> [Work request] The answer should contain only the lines from the beginning of the entries through the line that holds "Chalet L Oasi", given again exactly, with no pictures.

- - -

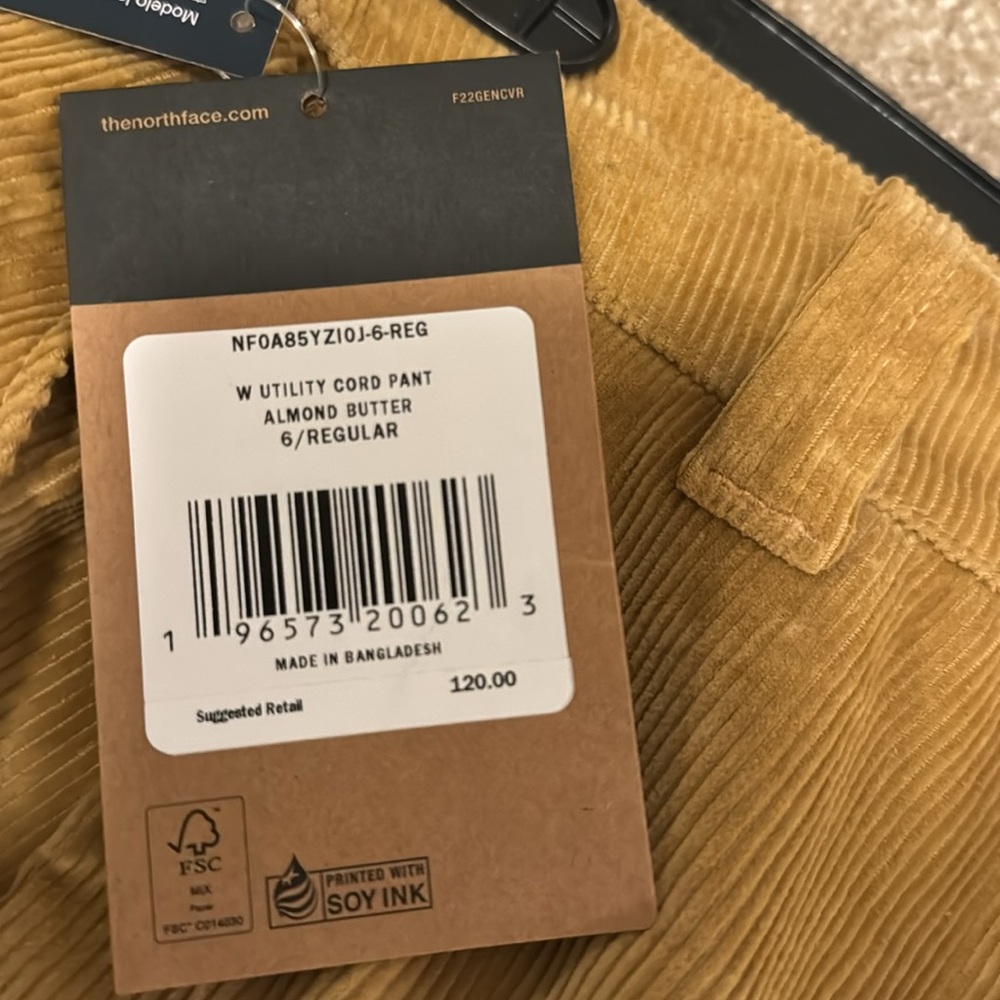 NWT flatering, adorable and super cute The north face cargo women’s pants - Picture 12 of 13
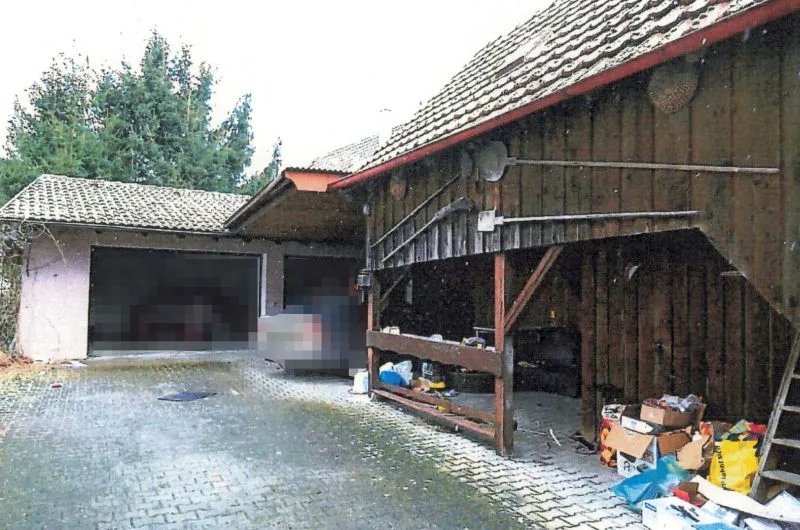 Doppelwohnhaus mit Doppelgarage und Scheunengebäude in Langenbrettach — Bild 3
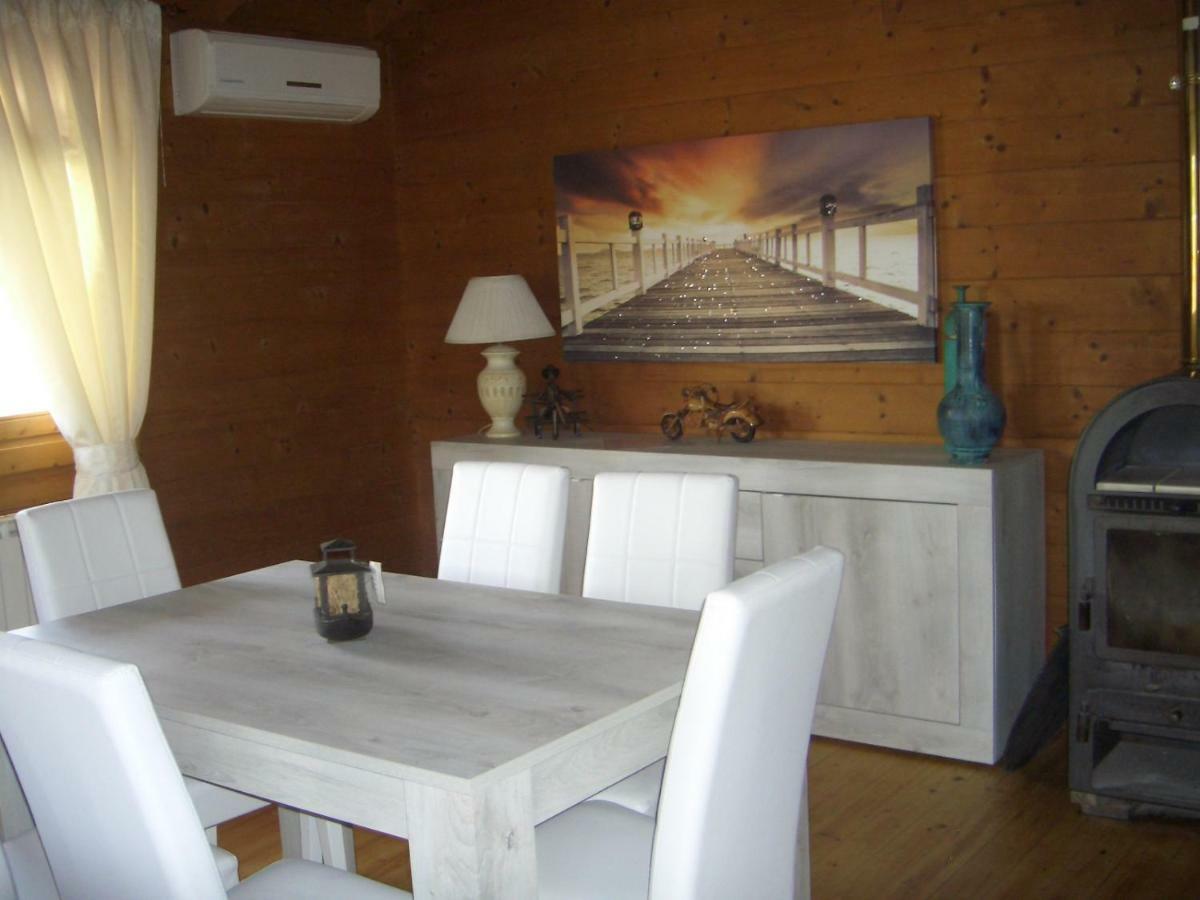 Chalet L Oasi Di Ambra 8 Posti Letto Con Uso Piscina Ardea Eksteriør bilde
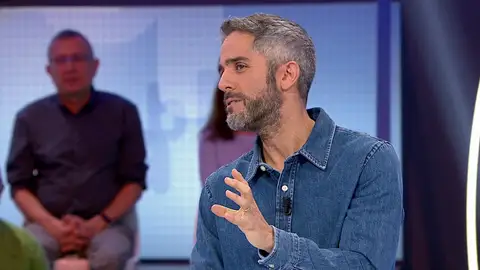 Roberto Leal se pone profundo con María Peláe: “¿Tú cómo llamas al duende?” Roberto Leal se pone profundo con María Peláe: “¿Tú cómo llamas al duende?”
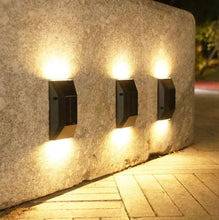 Încarcă imaginea în vizualizatorul Galerie, NOU - Set 2 Lampi Solare De Perete, 6 LED-uri Puternice si Senzor Crepuscular, Rezistente la Intemperii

- - -

> [Solution to this task]
 NWT flatering, adorable and super cute The north face cargo women’s pants - Picture 12 of 13
 Doppelwohnhaus mit Doppelgarage und Scheunengebäude in Langenbrettach — Bild 3
 Chalet L Oasi Di Ambra 8 Posti Letto Con Uso Piscina Ardea Eksteriør bilde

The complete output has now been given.